§ **ACTIVITY**: Whenever a line of the records below contains the word "Luxury", copy that line.

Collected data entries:

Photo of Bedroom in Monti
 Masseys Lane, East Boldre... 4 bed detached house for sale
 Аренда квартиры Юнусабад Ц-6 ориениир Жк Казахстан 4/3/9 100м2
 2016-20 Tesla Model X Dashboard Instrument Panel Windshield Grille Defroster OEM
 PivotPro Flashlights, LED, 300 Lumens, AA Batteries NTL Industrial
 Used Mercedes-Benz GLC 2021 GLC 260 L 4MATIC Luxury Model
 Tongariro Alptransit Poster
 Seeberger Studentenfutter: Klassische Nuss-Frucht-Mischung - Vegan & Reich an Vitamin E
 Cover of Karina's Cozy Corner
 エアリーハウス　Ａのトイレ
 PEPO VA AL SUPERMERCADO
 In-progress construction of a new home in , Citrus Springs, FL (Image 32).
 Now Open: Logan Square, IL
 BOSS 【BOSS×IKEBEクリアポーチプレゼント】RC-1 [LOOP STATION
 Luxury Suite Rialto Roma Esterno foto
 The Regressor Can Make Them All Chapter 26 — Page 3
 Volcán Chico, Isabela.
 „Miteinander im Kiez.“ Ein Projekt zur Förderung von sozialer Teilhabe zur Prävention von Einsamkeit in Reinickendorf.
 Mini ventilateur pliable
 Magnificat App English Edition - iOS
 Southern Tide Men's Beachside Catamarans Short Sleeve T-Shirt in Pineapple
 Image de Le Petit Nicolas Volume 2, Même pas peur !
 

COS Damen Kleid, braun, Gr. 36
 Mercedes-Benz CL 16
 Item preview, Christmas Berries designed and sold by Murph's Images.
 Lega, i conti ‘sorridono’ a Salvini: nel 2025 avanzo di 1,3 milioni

§ **TASK RESPONSE**:
 Used Mercedes-Benz GLC 2021 GLC 260 L 4MATIC Luxury Model
 Luxury Suite Rialto Roma Esterno foto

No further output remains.